The former Soviet Republics have a rather ambiguous image for many people all over the world. The communist aura seems to be there with them forever. Is that a good or a bad thing? Well, it is hard to say. There are travellers who visit museums and monuments dedicated or from that period driven by curiosity, while others want to see the buildings dating back to those times. However, few people try to discover all the former Soviet Republics or countries which were under Russia’s influence during the communism.
Jason Smart is an Englishman who wanted to visit all of these countries and he describes all his experiences in his book, “The Red Quest: Travels through 22 former Soviet Republics.” I must say that the book is an interesting read. Each chapter is dedicated to a country and the places visited there. The reader finds first of all about the stereotypes and negative things that country is known for, as presented in discussions the main character has with his friends and wife in his attempt to attract them in his travels. But, as you’ll see from the book, they all manage to have worthwhile experiences in the countries they visited.
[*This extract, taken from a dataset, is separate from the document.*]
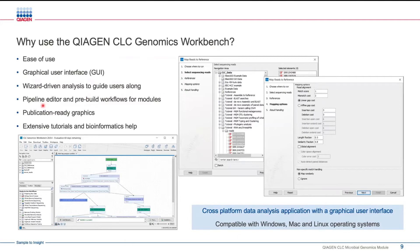There's a pipeline editor — we refer to them as workflows, and you can use the words pipeline and workflow synonymously. We're going to be using prebuilt workflows that come with the MGM module. However, those workflows are editable, so you can use them as a building block, or you can build your own workflows from scratch. I already pointed out publication-ready graphics, and there's also an extensive library of tutorials, bioinformatics help, and customer support available.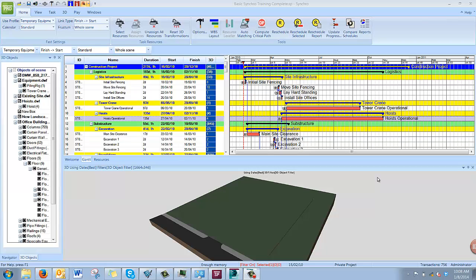In this video, you will learn how to export a Synchro file to an FBX file to be used in 3D Studio Max to create a more advanced rendering.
As I mentioned, each chapter presents a different country. You’ll find out exactly what the main characters did in a place or another. You’ll get information on some of the monuments and famous museums they’ve visited, along with their opinions. Some please the travellers, while others are boring for some of them, but interesting for their companions (like the Peasant Museum in Bucharest which the main character finds rather boring, whereas Michael ends up spending over an hour visiting it). You’ll also find out where they went to eat and some of the conversations they had with the locals.
Each chapter also blends this information on places they’ve visited with historical data from the socialist regime, ending with the moment this period ended. You’ll find out whether this end was a peaceful one, or if it involved a revolution.
The first country visited is Latvia – during the winter. Not an ideal time – as even one local tells the travellers. After Latvia, it is time for Estonia, Slovakia, Hungary, Russia, Romania, Moldova, Kazakhstan and so on, until all the 22 countries are covered.
Each chapter begins with an interesting fact regarding the country presented. The final destination is Checkpoint Charlie, in Berlin. It is a nice closing point, if you ask me, an inspired one!
As I said it is an interesting book, one which has the huge merit of presenting these countries beyond the worst stereotypes like muggers, sex offenders, drugs and so on. Even if the main characters had some preconceived ideas of their own about these places, they manage to keep an open mind and end up having an enjoyable time during their short trips.
Of course that there is more to each country than a socialist stamp, but it is also true that this is an element they will always preserve as part of their heritage. While helping people see beyond bad rumours and images showed online or in some TV news and shows, Jason Smart manages to offer a very nice read. You’ll find this book very accessible, easy to read as it has many dialogues and the details don’t get to the boring point, but keep things interesting.